If you choose to reflect, this does not mean judging yourself. Reflection means recalling pleasant memories, noting progress or achievements, or dreaming of the future. If you choose to meditate, this does not mean you follow your thoughts when they intrude. Instead, you just notice them as they arise, then let them go and return your focus to your breathing or mantra. If you choose to pray, this does not mean focusing on what you lack and begging for assistance. Prayer means expressing gratitude for prayers answered and then turning your problems over to God.

By taking time daily to reflect, meditate, or pray, you will come to know and understand yourself more fully. As a result, you will find it much easier to remain true to yourself. You will develop a sense of calm and peace that you can carry with you. When you make time to quiet your mind, you cultivate a sense of being at home in your own body. That is something you can carry with you wherever you go.


Think Positive

There are many benefits to positive thinking, but negative thinking has it benefits too. For example, when you design a product or launch a company, you need to believe it will succeed, but you also need to think of everything that could possibly go wrong so you can prepare for and prevent it. That's a good balance of positive and negative thinking.

Unfortunately, for many of us, positive and negative thinking can fall out of balance. Some people might be overly optimistic when some negative thinking would be useful. Fortunately, optimistic people bounce back from problems easily because they know the next time will be better. On the other hand, pessimistic people who encounter problems find it harder to bounce back because they expect the next time will be the same or worse. This can lead to further negativity.

Negative thinking can lead to excessive self-doubt and self-criticism. Self-doubt can be useful. If you think your public speaking skills aren't up to par, you might be motivated to work on improving them. Self-criticism can help you refine your techniques. But excessive self-doubt and self-criticism can lead to an erosion of self-esteem and self-confidence. Negative thinking that continually undermines your ability to value and believe in yourself is not productive and can lead to depression. You can halt and repair the damage by replacing negative statements with positive statements.
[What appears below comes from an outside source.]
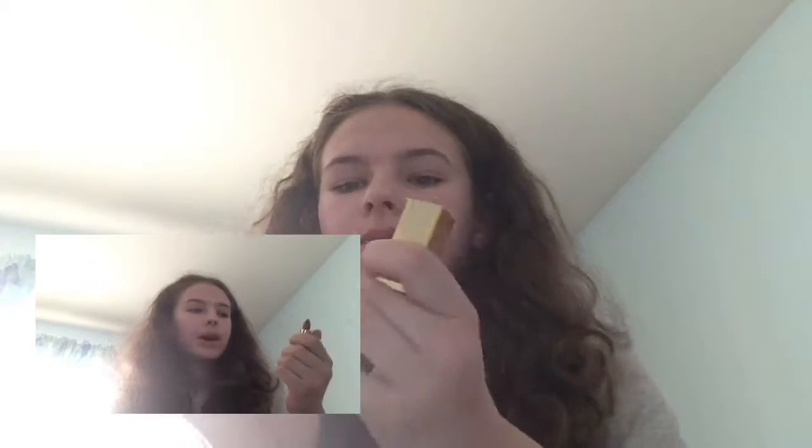Now we're getting into the lipsticks and liquid lipsticks. This is the Yves Saint Laurent Rouge Pure Couture in number 70, La Nude. It's kind of an orange — described as a basic nude. The original price is $37, which is quite a lot, but the sample size price is about $9.96.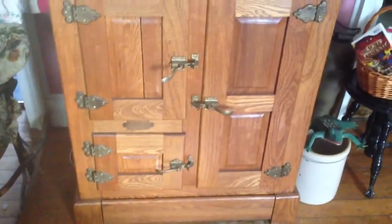Beautiful piece of furniture from the late 18th century or early 19th.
This may sound too easy to you. It may sound like it would never work. The fact is you may have already spent many years telling yourself negative messages or hearing them from someone else. Repetition bypasses our critical thinking and gets ideas into the subconscious. This is why commercials and nursery rhymes are repeated over and over. The good news is that repeating positive messages to yourself can override and rebuild the confidence that has been eroded. Hypnosis and hypnotherapy can speed up the process considerably.